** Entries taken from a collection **
********
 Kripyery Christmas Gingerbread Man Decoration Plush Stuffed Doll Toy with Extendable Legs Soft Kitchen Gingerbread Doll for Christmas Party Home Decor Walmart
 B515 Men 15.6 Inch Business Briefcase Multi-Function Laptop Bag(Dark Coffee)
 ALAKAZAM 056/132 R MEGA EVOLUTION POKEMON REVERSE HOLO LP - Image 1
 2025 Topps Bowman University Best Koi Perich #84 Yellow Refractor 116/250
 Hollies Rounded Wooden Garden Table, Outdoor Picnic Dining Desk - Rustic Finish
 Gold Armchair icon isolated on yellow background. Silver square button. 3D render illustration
********
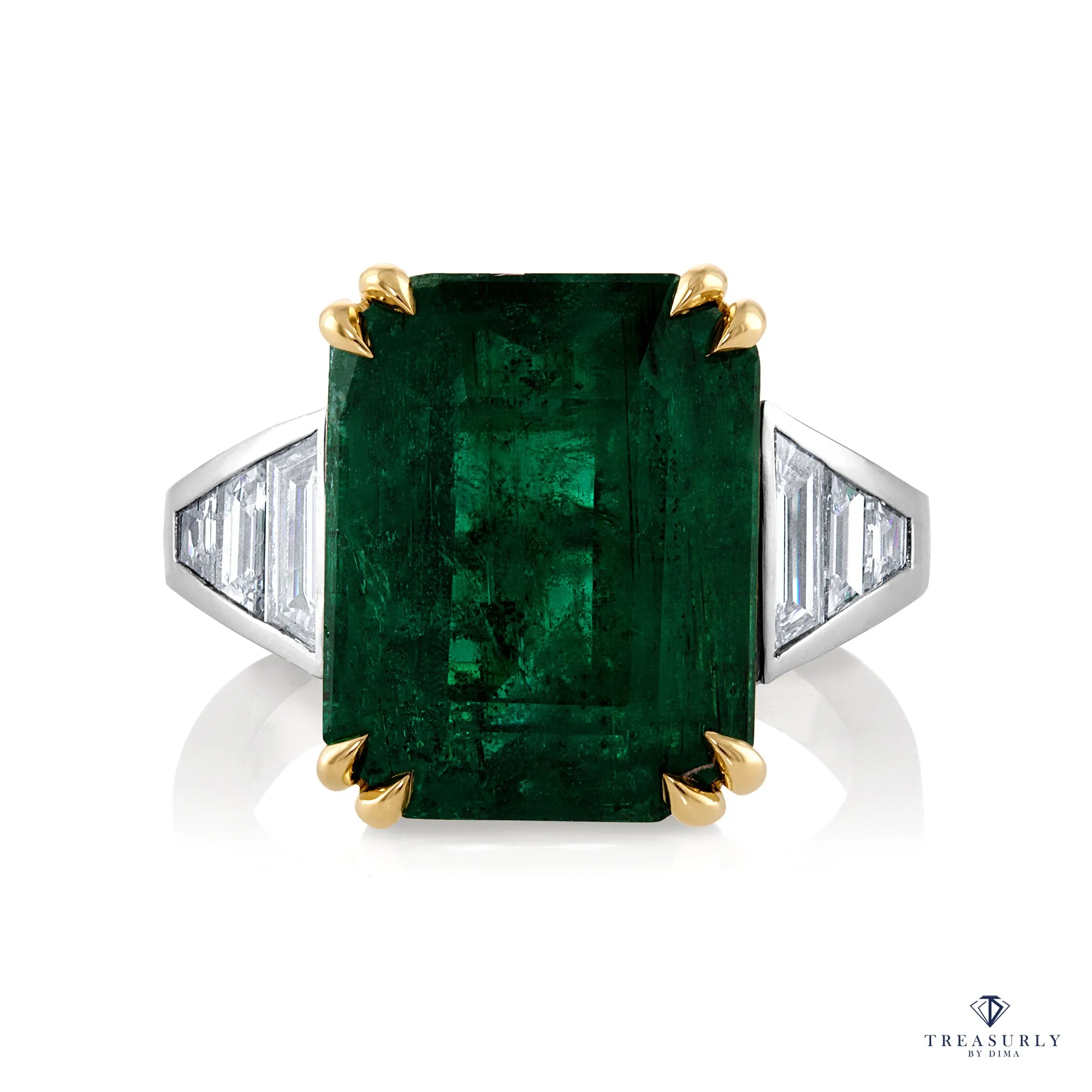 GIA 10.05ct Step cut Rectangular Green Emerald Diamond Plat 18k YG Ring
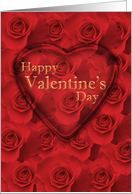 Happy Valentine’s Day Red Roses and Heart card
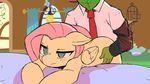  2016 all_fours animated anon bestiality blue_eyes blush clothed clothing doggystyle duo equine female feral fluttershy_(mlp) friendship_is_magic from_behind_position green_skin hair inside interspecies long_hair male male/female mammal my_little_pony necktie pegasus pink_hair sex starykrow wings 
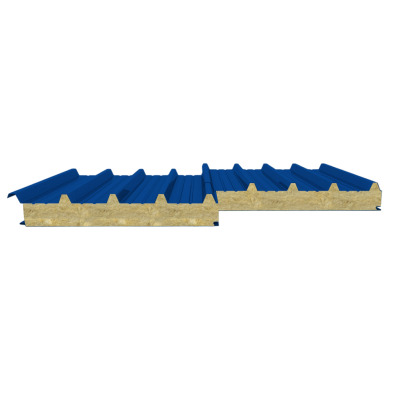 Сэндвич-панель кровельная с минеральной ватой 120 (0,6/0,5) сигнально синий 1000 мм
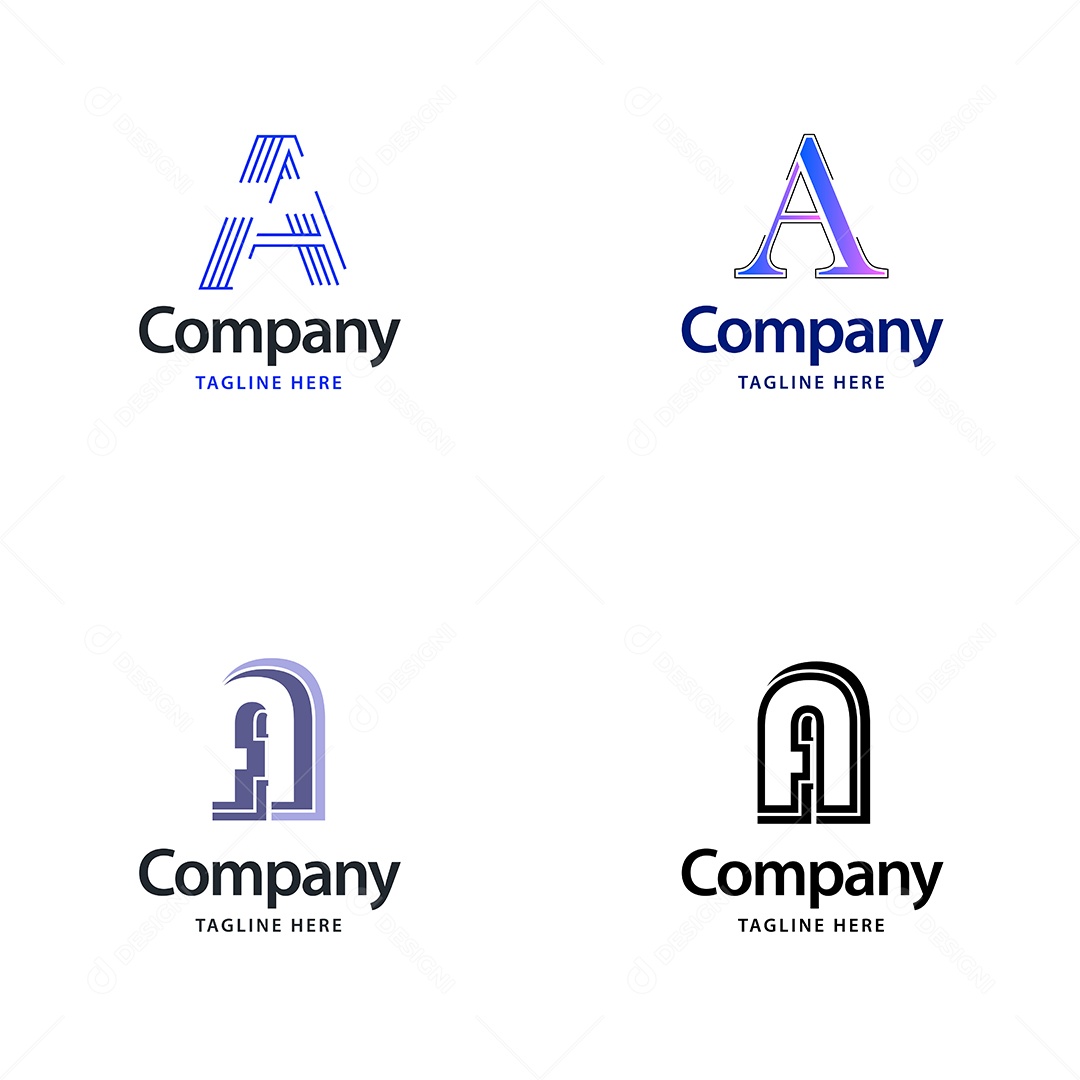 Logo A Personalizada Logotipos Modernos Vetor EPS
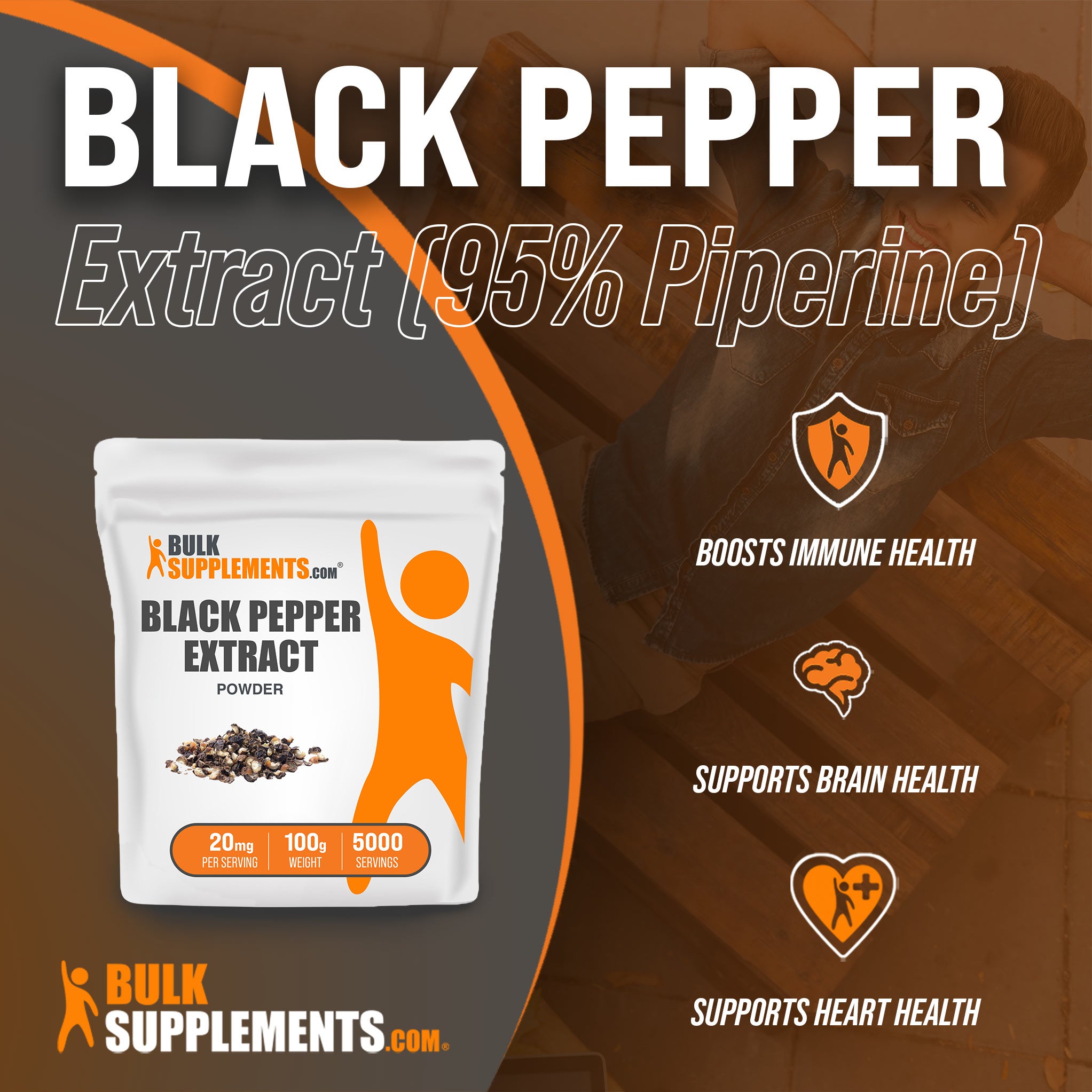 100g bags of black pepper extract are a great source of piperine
********
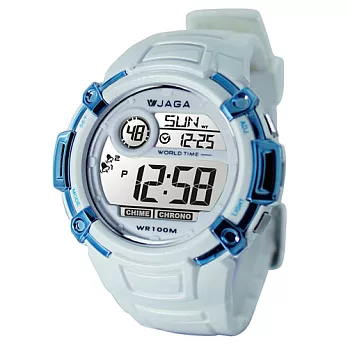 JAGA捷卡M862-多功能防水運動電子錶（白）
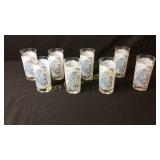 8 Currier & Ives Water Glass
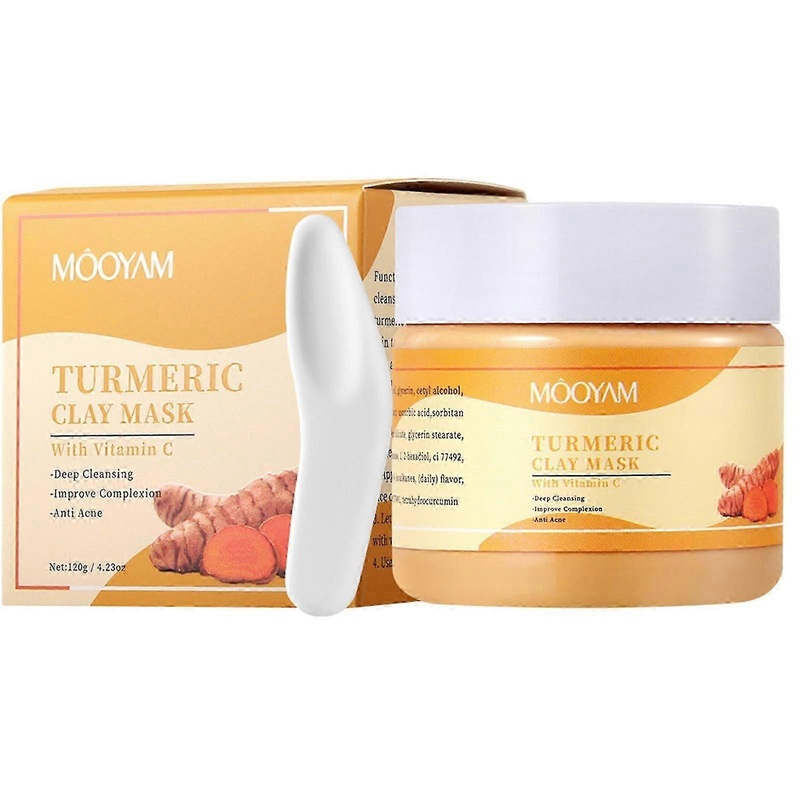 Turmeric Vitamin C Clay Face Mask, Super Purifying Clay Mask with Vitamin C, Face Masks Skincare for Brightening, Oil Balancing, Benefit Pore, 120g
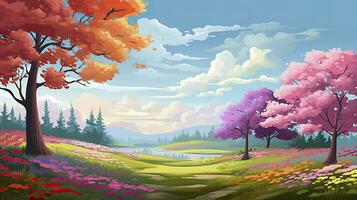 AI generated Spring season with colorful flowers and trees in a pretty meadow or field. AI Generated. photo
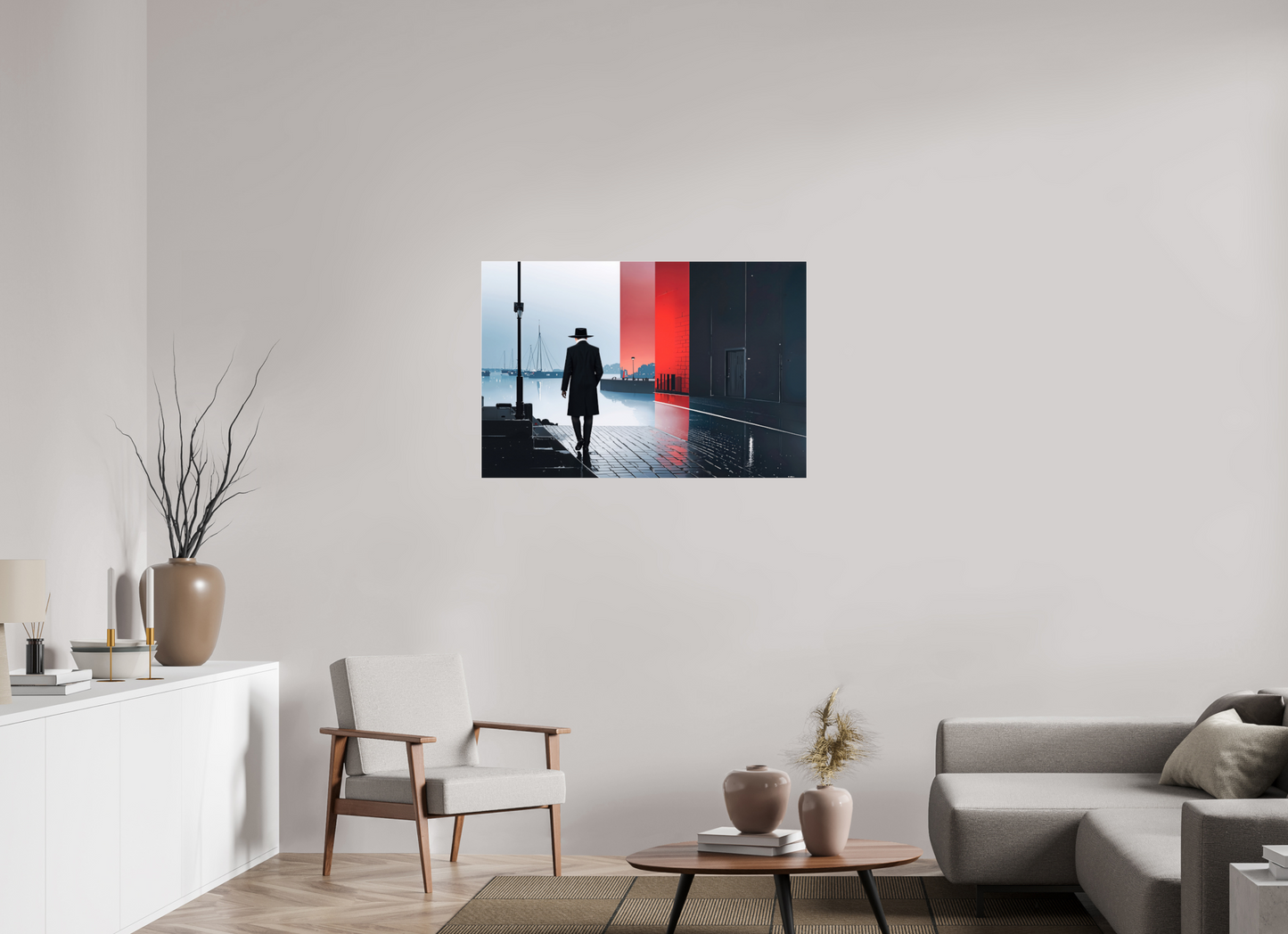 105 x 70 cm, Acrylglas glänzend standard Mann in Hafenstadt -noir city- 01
********
** WHAT TO PRODUCE **
Find the line with "GIA 10.05ct Step" in the entries above. Set down exactly every line from it up to and including the line with "Happy Valentine’s Day", images excluded.

** EXERCISE RESPONSE **
 GIA 10.05ct Step cut Rectangular Green Emerald Diamond Plat 18k YG Ring
 Happy Valentine’s Day Red Roses and Heart card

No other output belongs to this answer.